### RECORD EXTRACTS
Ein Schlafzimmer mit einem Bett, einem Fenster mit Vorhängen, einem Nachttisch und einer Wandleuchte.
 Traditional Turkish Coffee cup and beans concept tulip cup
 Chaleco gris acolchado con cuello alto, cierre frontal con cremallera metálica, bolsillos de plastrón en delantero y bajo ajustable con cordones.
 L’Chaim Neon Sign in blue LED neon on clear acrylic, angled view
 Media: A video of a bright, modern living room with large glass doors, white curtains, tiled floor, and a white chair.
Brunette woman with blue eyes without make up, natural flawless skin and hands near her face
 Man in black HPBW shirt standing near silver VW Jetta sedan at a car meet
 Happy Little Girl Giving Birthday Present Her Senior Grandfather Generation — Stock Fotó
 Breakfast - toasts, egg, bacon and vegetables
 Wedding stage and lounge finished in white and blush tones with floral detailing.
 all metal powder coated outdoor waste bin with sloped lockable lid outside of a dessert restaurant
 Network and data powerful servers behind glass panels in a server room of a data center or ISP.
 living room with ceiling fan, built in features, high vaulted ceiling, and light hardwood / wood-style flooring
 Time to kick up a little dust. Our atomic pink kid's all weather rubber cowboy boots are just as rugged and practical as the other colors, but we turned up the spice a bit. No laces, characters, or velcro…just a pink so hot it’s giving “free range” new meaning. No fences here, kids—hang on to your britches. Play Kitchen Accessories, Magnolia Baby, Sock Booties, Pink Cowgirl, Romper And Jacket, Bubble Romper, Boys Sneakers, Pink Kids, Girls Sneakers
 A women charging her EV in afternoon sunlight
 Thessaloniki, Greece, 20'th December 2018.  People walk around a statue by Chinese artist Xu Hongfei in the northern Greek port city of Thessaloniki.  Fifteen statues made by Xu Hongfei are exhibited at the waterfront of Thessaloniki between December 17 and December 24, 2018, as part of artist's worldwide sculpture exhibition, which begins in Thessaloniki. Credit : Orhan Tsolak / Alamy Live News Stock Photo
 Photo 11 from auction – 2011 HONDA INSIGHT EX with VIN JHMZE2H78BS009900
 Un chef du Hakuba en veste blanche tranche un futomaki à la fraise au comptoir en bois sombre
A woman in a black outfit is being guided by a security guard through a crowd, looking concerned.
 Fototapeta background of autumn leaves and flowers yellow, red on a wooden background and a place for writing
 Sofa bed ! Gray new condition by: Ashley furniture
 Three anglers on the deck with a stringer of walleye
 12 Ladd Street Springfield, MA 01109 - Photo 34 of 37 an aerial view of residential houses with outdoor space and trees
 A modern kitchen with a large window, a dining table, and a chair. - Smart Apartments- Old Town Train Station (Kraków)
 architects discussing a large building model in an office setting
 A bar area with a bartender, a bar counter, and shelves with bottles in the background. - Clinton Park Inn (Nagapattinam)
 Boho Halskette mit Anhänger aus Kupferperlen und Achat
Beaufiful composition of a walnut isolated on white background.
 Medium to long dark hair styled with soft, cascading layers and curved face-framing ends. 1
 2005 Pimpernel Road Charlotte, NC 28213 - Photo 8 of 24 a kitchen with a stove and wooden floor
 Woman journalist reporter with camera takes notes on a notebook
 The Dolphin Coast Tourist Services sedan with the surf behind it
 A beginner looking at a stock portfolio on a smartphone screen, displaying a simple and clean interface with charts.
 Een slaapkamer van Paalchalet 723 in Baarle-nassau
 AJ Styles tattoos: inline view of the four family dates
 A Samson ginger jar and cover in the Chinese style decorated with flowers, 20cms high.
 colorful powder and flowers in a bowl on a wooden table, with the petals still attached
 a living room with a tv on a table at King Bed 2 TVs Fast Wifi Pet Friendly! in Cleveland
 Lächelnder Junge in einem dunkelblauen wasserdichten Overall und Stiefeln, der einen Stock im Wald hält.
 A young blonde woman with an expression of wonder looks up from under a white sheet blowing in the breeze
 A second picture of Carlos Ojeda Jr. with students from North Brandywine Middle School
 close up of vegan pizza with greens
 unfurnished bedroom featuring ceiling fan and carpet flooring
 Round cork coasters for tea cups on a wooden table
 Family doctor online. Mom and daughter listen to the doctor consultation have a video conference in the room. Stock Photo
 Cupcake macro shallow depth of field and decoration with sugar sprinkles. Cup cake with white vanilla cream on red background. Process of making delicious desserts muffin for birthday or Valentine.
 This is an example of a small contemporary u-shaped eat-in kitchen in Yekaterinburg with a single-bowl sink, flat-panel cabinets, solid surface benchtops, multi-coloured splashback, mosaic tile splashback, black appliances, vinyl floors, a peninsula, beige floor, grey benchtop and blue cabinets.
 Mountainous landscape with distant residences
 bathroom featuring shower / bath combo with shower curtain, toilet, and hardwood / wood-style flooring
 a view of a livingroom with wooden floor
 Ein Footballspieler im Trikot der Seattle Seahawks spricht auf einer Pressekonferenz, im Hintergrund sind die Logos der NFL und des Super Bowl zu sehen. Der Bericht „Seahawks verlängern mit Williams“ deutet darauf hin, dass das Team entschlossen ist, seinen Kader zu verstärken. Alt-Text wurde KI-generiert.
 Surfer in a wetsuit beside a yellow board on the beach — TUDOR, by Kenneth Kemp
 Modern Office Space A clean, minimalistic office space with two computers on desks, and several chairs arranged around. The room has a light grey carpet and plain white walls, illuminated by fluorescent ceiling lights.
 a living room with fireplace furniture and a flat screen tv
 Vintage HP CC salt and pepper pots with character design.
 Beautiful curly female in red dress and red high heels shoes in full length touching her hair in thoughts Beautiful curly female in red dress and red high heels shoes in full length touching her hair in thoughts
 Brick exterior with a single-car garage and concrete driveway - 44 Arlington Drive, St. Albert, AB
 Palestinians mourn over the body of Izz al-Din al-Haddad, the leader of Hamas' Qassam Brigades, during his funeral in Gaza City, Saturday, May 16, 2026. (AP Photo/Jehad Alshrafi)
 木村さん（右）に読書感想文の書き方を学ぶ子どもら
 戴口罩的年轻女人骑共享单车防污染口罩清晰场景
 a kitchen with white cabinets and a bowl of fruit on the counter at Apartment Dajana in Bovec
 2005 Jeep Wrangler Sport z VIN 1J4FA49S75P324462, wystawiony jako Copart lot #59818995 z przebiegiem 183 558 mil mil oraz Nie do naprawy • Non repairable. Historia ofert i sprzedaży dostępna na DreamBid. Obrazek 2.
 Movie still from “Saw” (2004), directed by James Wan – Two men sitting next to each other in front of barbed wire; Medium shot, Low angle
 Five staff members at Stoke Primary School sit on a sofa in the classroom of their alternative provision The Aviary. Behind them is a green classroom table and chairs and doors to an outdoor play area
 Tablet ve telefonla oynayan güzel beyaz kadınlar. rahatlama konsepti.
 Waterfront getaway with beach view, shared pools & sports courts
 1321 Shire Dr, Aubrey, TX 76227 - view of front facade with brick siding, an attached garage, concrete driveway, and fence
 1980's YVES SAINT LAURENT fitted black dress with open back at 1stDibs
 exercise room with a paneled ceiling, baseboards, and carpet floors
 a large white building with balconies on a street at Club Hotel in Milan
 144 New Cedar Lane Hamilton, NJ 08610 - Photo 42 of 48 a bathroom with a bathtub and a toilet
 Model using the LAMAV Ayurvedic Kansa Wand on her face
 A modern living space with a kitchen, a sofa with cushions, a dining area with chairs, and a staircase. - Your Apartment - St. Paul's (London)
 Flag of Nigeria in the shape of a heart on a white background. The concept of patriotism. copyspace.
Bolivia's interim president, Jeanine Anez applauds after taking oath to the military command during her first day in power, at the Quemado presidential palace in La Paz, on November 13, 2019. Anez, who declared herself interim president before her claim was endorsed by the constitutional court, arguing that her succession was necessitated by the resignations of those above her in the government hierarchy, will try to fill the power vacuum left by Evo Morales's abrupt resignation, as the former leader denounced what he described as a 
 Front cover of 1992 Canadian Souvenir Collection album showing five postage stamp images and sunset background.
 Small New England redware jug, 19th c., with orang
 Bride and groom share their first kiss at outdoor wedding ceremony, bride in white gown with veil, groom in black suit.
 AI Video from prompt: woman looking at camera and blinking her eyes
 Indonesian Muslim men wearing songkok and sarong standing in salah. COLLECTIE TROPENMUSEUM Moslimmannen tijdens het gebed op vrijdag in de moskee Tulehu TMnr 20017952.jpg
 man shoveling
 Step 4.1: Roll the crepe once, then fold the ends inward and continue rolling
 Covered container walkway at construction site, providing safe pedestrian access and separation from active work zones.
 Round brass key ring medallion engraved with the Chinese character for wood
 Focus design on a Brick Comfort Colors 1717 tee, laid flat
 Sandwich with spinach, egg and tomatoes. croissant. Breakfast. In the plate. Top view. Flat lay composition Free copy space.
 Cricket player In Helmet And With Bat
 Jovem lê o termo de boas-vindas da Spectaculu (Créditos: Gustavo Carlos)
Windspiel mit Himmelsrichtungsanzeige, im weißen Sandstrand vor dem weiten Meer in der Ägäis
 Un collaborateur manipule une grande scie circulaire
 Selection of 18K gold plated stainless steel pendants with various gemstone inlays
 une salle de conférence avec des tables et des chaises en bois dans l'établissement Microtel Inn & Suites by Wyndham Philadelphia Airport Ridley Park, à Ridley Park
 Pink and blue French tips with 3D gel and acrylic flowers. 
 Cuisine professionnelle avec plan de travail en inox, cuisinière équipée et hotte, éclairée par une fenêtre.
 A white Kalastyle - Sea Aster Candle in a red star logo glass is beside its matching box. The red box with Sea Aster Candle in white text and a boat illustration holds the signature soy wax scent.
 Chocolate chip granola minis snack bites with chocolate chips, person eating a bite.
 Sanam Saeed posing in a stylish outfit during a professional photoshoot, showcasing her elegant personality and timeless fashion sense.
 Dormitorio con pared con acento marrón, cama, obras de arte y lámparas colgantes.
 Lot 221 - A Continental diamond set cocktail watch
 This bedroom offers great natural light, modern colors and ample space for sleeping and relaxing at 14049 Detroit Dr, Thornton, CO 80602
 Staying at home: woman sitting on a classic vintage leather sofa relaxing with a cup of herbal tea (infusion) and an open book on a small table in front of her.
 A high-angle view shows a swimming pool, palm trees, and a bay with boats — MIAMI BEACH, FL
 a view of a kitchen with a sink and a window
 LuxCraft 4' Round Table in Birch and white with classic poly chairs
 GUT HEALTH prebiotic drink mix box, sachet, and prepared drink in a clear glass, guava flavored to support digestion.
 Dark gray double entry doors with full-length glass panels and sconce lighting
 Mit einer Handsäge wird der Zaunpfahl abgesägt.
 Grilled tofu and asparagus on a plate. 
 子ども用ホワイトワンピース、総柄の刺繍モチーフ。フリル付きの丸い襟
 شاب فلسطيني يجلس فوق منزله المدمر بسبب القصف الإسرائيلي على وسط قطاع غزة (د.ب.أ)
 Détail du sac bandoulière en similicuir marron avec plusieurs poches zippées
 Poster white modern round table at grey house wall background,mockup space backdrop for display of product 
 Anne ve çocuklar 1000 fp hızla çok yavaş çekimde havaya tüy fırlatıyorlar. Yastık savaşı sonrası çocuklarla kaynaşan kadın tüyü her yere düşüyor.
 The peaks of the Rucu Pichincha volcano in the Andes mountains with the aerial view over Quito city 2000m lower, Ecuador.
######
> [WORK TASK] Return the span of lines in the data above that opens at the line with "unfurnished bedroom featuring" and closes at the line with "Cupcake macro shallow", exactly, ends included, nothing else.

> [RESPONSE AREA]
 unfurnished bedroom featuring ceiling fan and carpet flooring
 Round cork coasters for tea cups on a wooden table
 Family doctor online. Mom and daughter listen to the doctor consultation have a video conference in the room. Stock Photo
 Cupcake macro shallow depth of field and decoration with sugar sprinkles. Cup cake with white vanilla cream on red background. Process of making delicious desserts muffin for birthday or Valentine.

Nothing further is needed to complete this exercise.